→ WHAT TO WORK ON: Transcribe, exactly and without pictures, the lines below from the line with "24.5型/1920×1080/HDMI×1、DP×1/ブラック/スピーカー無/2年保証 JAPANNEXT 76068058" to the line with "mokarim20's profile picture.", both ends included, and no others.

→ RECORDS PROVIDED:
══════════════════════════════
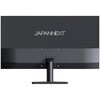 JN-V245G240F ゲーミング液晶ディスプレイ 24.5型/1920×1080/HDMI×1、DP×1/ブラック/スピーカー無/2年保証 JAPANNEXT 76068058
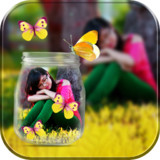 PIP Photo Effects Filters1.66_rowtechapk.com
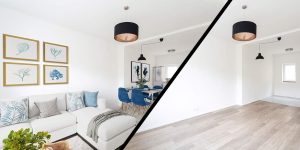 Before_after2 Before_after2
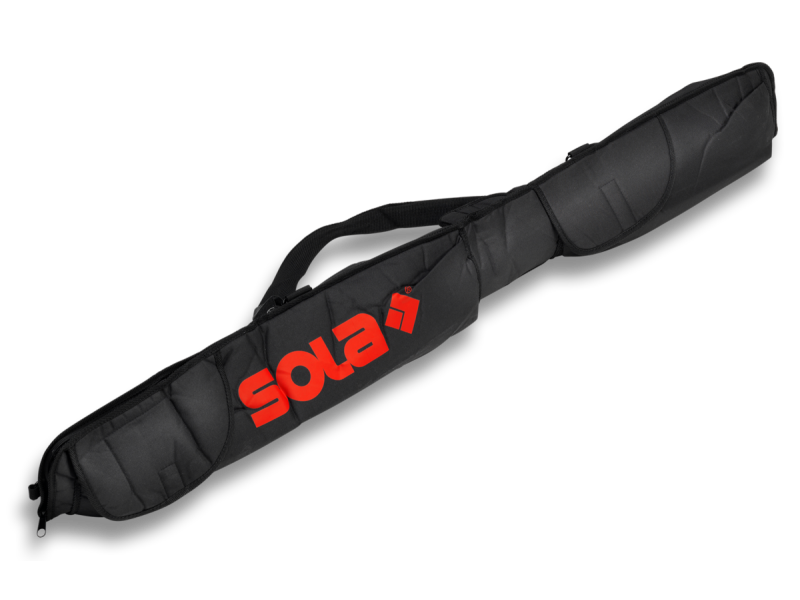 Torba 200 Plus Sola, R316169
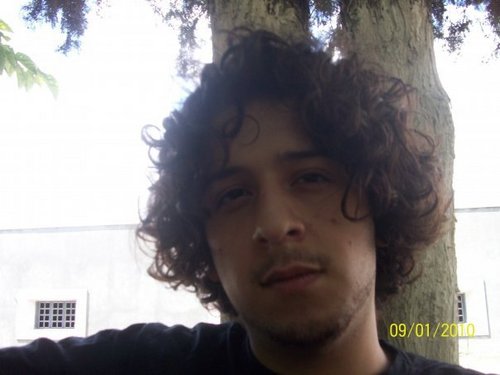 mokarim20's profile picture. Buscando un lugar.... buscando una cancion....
══════════════════════════════
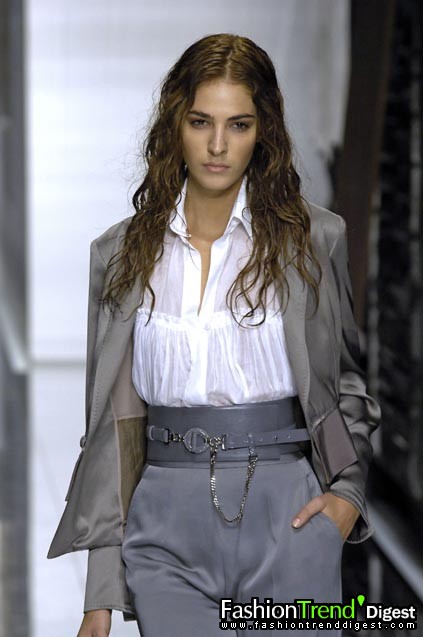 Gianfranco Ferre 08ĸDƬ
══════════════════════════════
→ OUTPUT FOR THIS TASK:
 JN-V245G240F ゲーミング液晶ディスプレイ 24.5型/1920×1080/HDMI×1、DP×1/ブラック/スピーカー無/2年保証 JAPANNEXT 76068058
 PIP Photo Effects Filters1.66_rowtechapk.com
 Before_after2 Before_after2
 Torba 200 Plus Sola, R316169
 mokarim20's profile picture. Buscando un lugar.... buscando una cancion....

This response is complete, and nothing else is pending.